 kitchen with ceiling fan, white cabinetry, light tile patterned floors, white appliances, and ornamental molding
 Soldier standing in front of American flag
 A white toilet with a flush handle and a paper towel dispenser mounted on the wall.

* * *

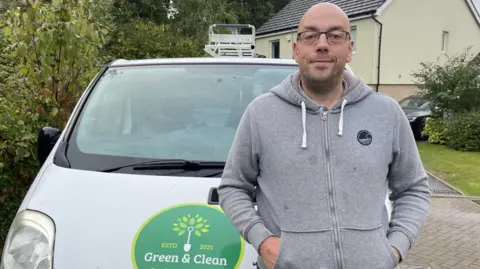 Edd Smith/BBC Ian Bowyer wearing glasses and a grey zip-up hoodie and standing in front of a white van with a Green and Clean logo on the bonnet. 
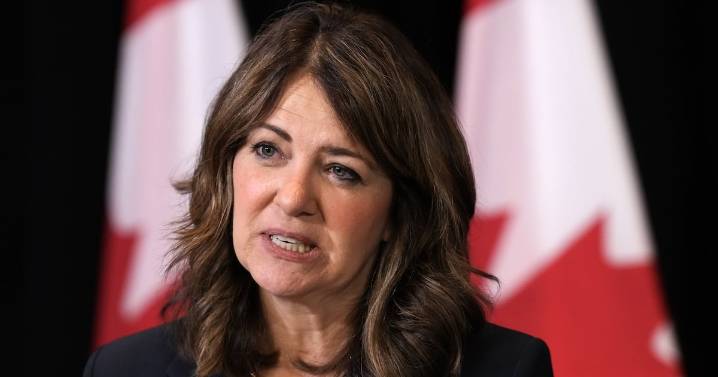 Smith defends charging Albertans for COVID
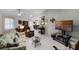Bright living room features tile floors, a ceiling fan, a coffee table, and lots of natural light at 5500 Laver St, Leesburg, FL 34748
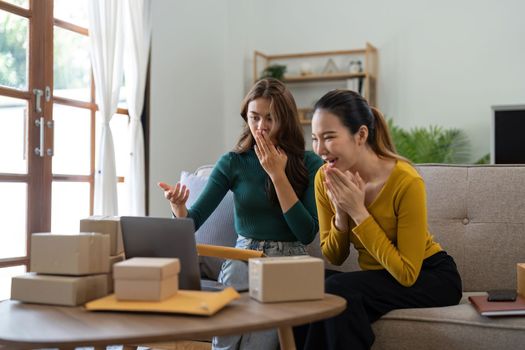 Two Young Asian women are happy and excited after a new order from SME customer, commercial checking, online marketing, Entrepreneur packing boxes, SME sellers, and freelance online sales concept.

---

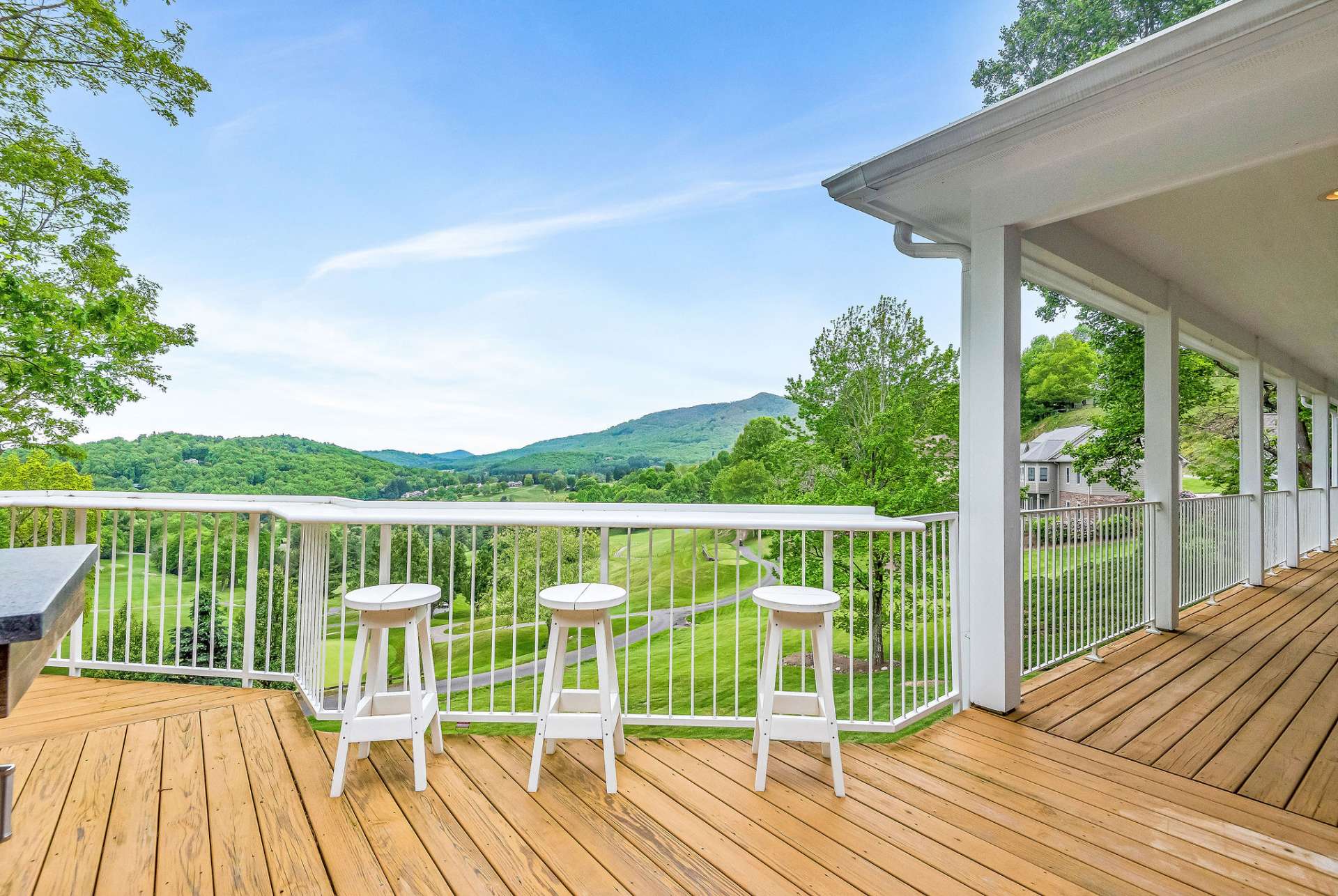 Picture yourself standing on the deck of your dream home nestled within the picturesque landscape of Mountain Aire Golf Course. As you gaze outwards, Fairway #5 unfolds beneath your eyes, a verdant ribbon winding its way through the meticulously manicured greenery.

Your goal — Find where the line with "Smith defends charging Albertans for COVID" sits in the material above and where the line with "Two Young Asian" sits. Set down exactly the lines from the first to the second, both included and nothing else, without pictures.

Answer box —
 Smith defends charging Albertans for COVID
Bright living room features tile floors, a ceiling fan, a coffee table, and lots of natural light at 5500 Laver St, Leesburg, FL 34748
 Two Young Asian women are happy and excited after a new order from SME customer, commercial checking, online marketing, Entrepreneur packing boxes, SME sellers, and freelance online sales concept.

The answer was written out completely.